I hope that they will come to their senses and at least reinstate all the GPM and I.S. points.
When they stopped the race in the Alps on the Tour of France 2019, it wasn’t planned like here (where they had over 30 km to decide, inform riders and organise themselves), and they retroactively decided that the end had been on a mountain pass. So when riders passed said mountain pass, they didn’t know yet that it would be considered the finish line. After the stage, commissars of course kept all GPM and I.S. points scored until there. They even reconstructed (from videos, I think) the timings at this mountain pass which of course was devoid of timing devices. They gave no victory and final points because riders didn’t know that the end was on this mountain pass, which seems OK. It all made sense; even though I would have preferred they set the new finish at the bottom of the pass, as riders would have known it in advance (it could have been understandable to cancel timing gaps too).

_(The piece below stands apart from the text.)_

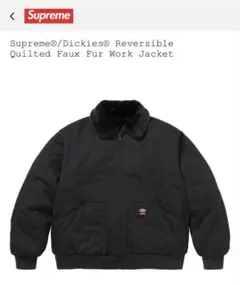 Supreme×Dickies シュプリーム×ディッキーズ ジャケット　新品Mのサムネイル
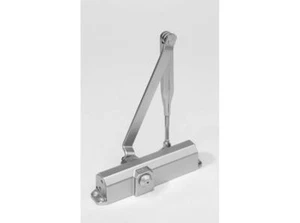 Cerrador de puerta Dorma m278205 brazo normal TS Compact plata - Imagen 1 de 1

But in Portugal in Februrary, they already cancelled the results of the first stage of the Tour of Algarve. Just because many riders took the wrong way for the final sprint, not only they cancelled the stage victory, but they also tore all the GPM and I.S. points from the breakaway who had worked all day to gather them!

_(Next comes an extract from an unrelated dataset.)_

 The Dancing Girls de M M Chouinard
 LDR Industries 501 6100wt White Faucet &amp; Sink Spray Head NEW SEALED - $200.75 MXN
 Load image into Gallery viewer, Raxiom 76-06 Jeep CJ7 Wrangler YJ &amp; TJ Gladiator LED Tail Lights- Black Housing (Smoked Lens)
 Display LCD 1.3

Today, it looks like they will apply the same stupid decisions. Except that they intend to record the timing gaps. Which may be seen as even weirder (keeping a result established in perturbed/modified conditions while cancelling results established in normal conditions). And of course totally unfair to guys like Pedersen and Nicolau who worked very hard to score points before anything happened. But according to UCI rules (2.2.029), commissars can basically do anything they fancy.
Ah! They have reinstated all GPM and I.S. points!

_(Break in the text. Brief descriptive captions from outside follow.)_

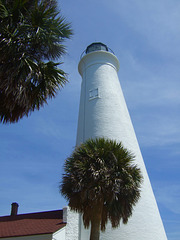 Gulf Lighthouse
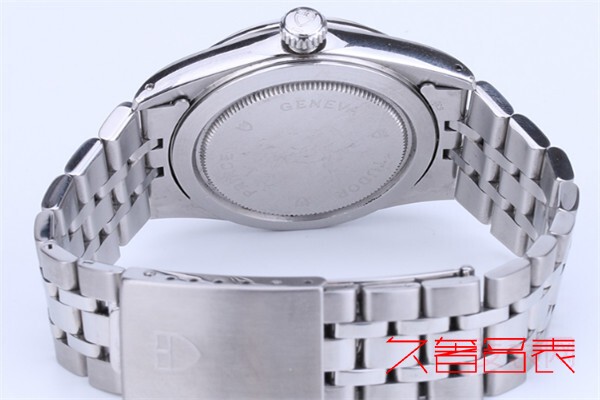 不锈钢材料的帝舵王子型手表回收折扣多少钱玖奢名品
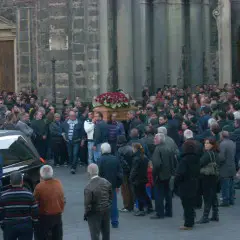 TOCCANTE ADDIO A MAURIZIO MACCARRONE. “NON HANNO VINTO LORO”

Fine. So the only missing things are related to the finish: no finish ranking, therefore no stage winner, no points for points classification on the finish, no UCI points.
I guess that’s OK now. It is just a bit weird to count timing gaps on the finish but no ranking. Let’s say that it was made so that there wouldn’t be a sprint for ranking on a finish that was not prepared for that.